(DATASET CONTENT)
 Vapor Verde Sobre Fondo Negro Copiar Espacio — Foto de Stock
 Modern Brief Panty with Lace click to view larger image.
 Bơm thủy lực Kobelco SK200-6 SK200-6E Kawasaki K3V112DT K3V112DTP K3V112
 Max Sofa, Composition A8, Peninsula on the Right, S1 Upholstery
(End DATASET CONTENT)
(DATASET CONTENT)
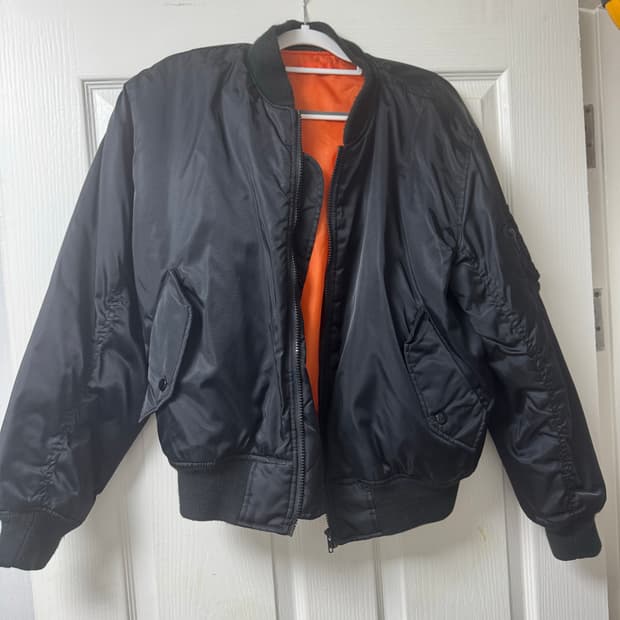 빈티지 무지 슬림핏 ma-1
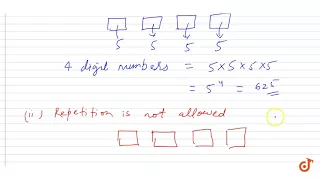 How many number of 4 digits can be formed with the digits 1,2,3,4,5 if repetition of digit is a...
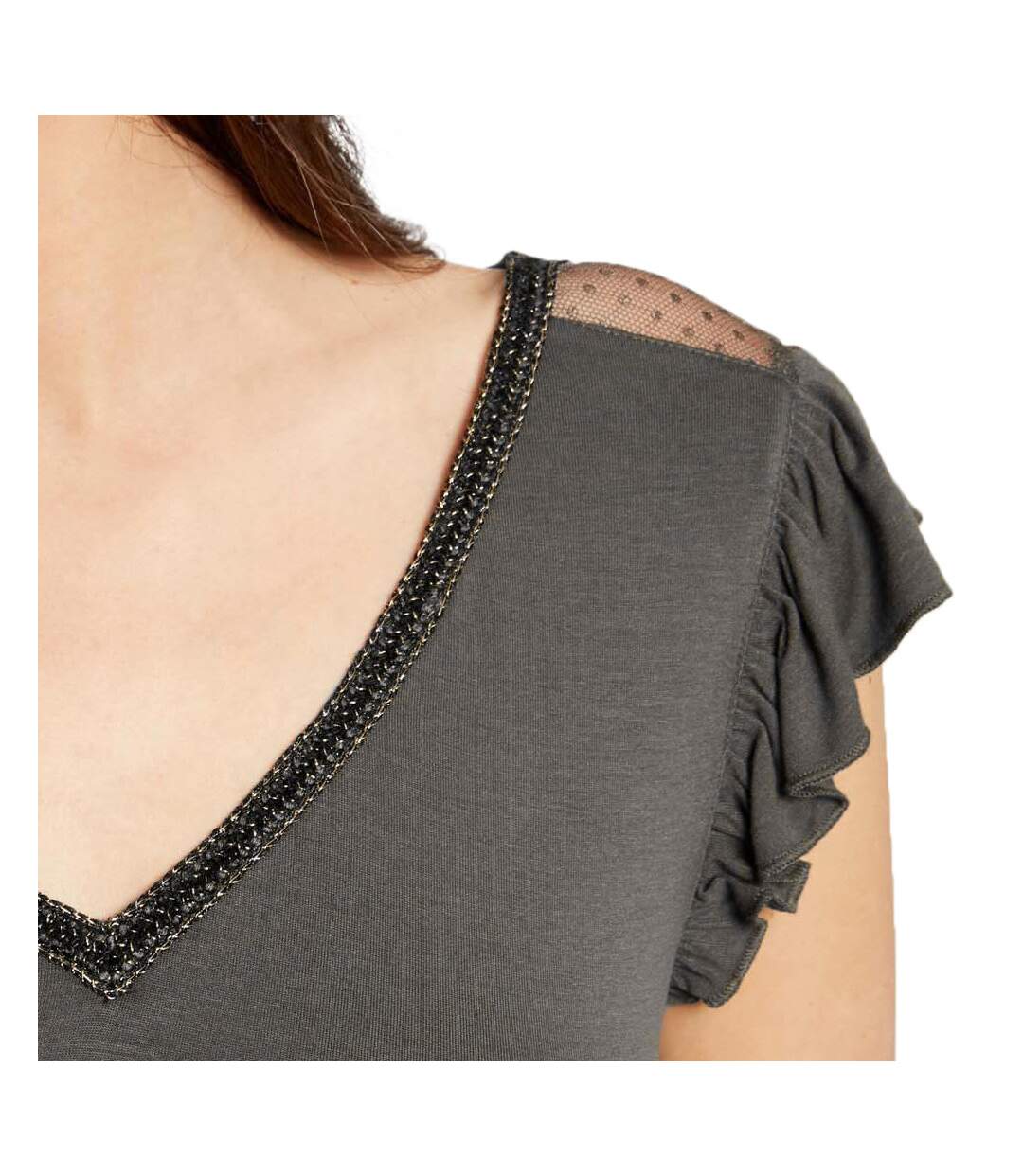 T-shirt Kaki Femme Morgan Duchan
(End DATASET CONTENT)
TASK: For the material above, give again only the lines starting at the line that contains "빈티지 무지 슬림핏 ma-1" and ending at the line that contains "T-shirt Kaki Femme Morgan Duchan". Pictures do not belong in the copy.

EXERCISE RESPONSE:
 빈티지 무지 슬림핏 ma-1
 How many number of 4 digits can be formed with the digits 1,2,3,4,5 if repetition of digit is a...
 T-shirt Kaki Femme Morgan Duchan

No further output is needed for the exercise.